Pressestimmen

Der blutige Händedruck der Königinnen “Maria Stuart. Ein tödliches Casting” – die zeitlose Geschichte zweier Frauen, im Theater Rampe uraufgeführt
Stuttgarter Zeitung Von Nicole C. Buck

Big Shot, zu deutsch ein großes Tier, steht in riesigen Lettern auf dem Plastikrasen, der die Bühne des Theaters Rampe bedeckt. Und einen Einblick in das Leben zweier ganz großer Tiere gewährt die Uraufführung “Maria Stuart. Ein tödliches Casting”, nämlich in das Elisabeths I. und Maria Stuarts. Doch vom Staub der Geschichte ist bei dieser Inszenierung nichts zu spüren. Schon zu Beginn wird eine absurde Atmosphäre geschaffen, die während der nächsten achtzig Minuten stringent durchgehalten wird.

Da sitzt Elisabeth, Englands Königin des Goldenen Zeitalters, auf einem schäbigen Thron – einer Haltestellenbank – und liest die Financial Times. Ihre Rivalin umkreist sie mit einem Toaster, dessen Inhalt – ein Foto von einer Pistole – sie stolz dem Publikum präsentiert. Dazu ist Renaissancemusik zu hören, die mit elektronischen Sounds unterlegt ist. Aber die Regisseurin Christina Rast hat die Geschichte der rivalisierenden Frauen nicht einfach mit ein paar Details aus dem Heute aufgemotzt, sondern lässt plausibel die zeitlichen Grenzen verschwimmen: Das sehr persönliche Bild, das sie von den beiden konkurrierenden Königinnen zeigt, ist gültig, ob im 16. oder 21. Jahrhundert: zwei Frauen, die ihrer Zeit sehr weit voraus waren.

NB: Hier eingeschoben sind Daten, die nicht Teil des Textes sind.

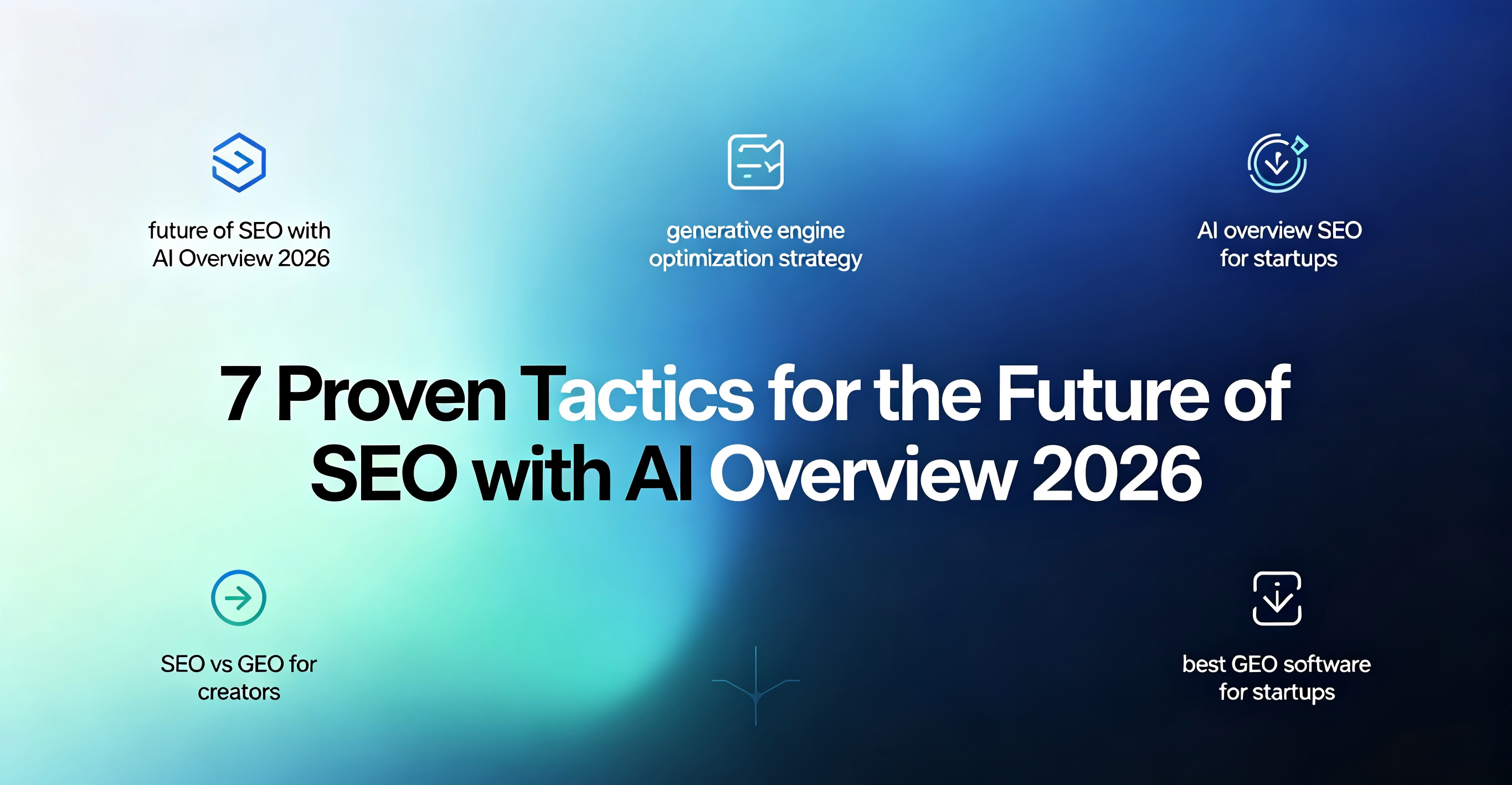 Hero image for a blog post on the future of SEO with AI Overviews, showing 7 proven tactics for 2026.(23SEOGEO)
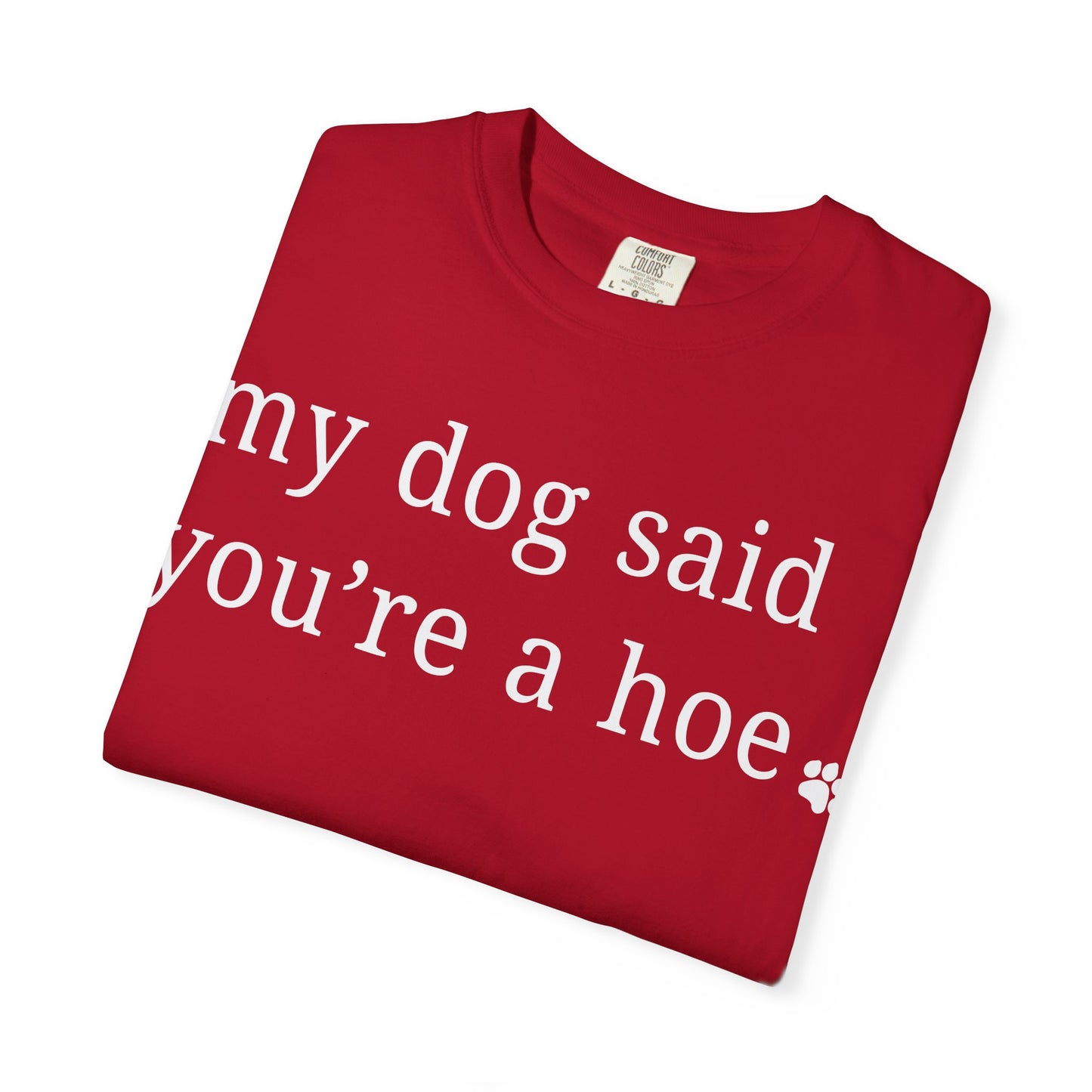 My dog said you're a hoe T-shirt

Da steht auf der einen Seite Elisabeth I., die erfolgreiche, mächtige Businessfrau, die für ihren Job auf Familie und Privatleben verzichtet, auf der anderen Maria Stuart, die zwar politisch scheitert, aber dafür ihre Weiblichkeit in vielen Beziehungen auslebt. Mit vielen lauten und leisen, imposanten und subtilen Bildern arbeitet Christina Rast diesen Konflikt zwischen den zwei kontroversen Frauenbildern heraus. So gebiert etwa Elisabeth die Welt, in Form eines großen, aufblasbaren Globus, Maria Stuart dagegen scheitert bereits an einer kleinen Weltkugel. Dass die beiden Königinnen aufs Blut verfeindet sind, findet in einem Händedruck, bei dem reichlich Theaterblut fließt, passenden Ausdruck.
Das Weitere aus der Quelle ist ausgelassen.